Decoding the stochastic profile of m6A over the entire transcriptome

Konferenz: BIBE 2022 - The 6th International Conference on Biological Information and Biomedical Engineering
19.06.2022 - 20.06.202 in Virtual, China

Tagungsband: BIBE 2022

Seiten: 4Sprache: EnglischTyp: PDF

Autoren:
Wang, Jiaying; Wei, Zhen; Zhang, Yuxin (Department of Biological Sciences, Xi’an Jiaotong-Liverpool University, Suzhou Jiangsu, China)

Inhalt:
N6-methladenosine (m6A), an abundant eukaryotic mRNA modification, is a crucial epigenetic marker dynamically regulated by demethylase (Erasers), methyltransferase (Writers), and binding proteins (Readers). Hence, decoding the stochastic profile of m6A over transcriptome is invaluable to our understanding of its biological functions.
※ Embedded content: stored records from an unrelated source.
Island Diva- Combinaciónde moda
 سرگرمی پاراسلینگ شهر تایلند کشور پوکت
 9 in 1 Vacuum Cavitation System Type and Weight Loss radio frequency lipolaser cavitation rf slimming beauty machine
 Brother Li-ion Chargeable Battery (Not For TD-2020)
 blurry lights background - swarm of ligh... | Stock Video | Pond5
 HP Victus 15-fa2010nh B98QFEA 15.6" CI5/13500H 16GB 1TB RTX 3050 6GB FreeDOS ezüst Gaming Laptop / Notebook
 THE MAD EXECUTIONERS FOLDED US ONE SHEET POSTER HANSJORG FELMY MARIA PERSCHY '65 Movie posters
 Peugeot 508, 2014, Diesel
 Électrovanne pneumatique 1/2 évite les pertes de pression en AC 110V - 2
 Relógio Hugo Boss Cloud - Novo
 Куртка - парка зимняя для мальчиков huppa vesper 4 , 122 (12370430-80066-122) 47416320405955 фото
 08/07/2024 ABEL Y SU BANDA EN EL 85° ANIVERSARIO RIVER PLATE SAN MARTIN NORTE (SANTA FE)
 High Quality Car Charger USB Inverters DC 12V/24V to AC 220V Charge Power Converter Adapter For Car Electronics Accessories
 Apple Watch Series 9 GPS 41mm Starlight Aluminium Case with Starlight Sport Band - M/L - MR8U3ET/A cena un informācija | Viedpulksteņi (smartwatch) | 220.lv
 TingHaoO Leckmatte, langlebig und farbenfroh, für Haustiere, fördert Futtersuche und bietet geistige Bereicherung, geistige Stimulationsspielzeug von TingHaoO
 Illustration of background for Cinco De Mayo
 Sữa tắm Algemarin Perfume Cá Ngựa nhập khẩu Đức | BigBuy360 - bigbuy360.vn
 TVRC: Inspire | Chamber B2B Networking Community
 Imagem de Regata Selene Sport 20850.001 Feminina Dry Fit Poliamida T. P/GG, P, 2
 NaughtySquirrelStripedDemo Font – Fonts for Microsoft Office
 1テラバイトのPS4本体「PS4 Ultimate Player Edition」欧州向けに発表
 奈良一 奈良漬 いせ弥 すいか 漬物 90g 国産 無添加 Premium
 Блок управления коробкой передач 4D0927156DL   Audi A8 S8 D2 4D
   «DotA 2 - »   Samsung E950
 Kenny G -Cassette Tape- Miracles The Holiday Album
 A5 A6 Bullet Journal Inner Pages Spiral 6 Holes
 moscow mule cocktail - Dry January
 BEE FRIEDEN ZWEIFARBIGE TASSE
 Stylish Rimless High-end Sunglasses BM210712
The m6A site over 1624625 DRACH motifs on human exons were summarized from 40 experiments. Four machine learning algorithms, generalized linear model (GLM), multi-layer perceptron (MLP), extreme gradient boosting (XGBoost), and random forest (RF), were implemented to build Poisson regression models. Compared with classification models used in previous studies, our model provides a new framework to integrate multiple single-base RNA modification datasets. We demonstrated that the Poisson regressors can better predict the biological and technical variation between experiments than classifiers trained with same features. In addition, we for the first time utilized the protein binding information for prediction and achieved significantly better performance than models based on only sequence-derived and genome-derived features.